Governor Timothy M. Kaine today announced a telework initiative for gubernatorial appointees, which includes about 120 employees in the Cabinet and Governor's Office. Kaine also announced an improved state telework policy -- published late last week -- directing all state agencies to consider ways to improve and expand agency telework and alternate work schedule programs.
"Rising fuel prices, the escalating cost of commuting to work, worsening traffic congestion and reduced air quality compel a change in the business culture of state agencies," Kaine said. "Telework reduces energy consumption, both in the amount of gasoline used for daily commuting and in office building energy costs. This policy provides a timely opportunity to create a culture of conservation within the state workforce, which can serve as an example for Virginia businesses in the private sector."
More than four dozen employees of the Cabinet and Governor's Office have already started teleworking or utilizing alternative schedules for part of their work week. State telework programs require employees to sign an agreement with their supervisor that details the terms and conditions of an employee's work away from the central workplace.

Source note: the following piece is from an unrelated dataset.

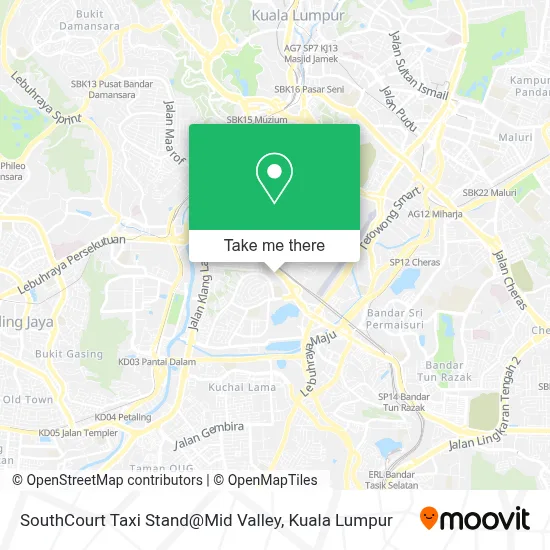 SouthCourt Taxi Stand@Mid Valley map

Telework promotes general work efficiencies by permitting employees to work at alternate work locations for all or part of their work week. The American Electronics Association reported that a number of companies have also reported productivity gains. IBM reported a 10 to 20 percent increase among teleworkers. AT&T and Cisco Systems saw similar results. Teleworkers at American Express handled 26 percent more calls and produced 43 percent more business than office-based workers. Survey results attribute the gains to fewer distractions, time gained through reduced commutes, and a healthier life-work balance.
Telework also helps improve air quality, reduce traffic congestion, and reduce energy consumption, both in the amount of gasoline used for daily commuting and in office building energy costs.
For example, the Department of Taxation, which has 591 teleworking employees, estimates that more than 45,000 gallons of fuel are saved annually through its telework program. Nearly 23,000 state employees are eligible to telework based on the nature of their work. Approximately 5,000 state employees are already engaged in telework. Nearly 24,000 state employees are eligible to work an alternate schedule, including a 10-hour day, four-day work week. About 14,000 state employees work some type of alternate schedule.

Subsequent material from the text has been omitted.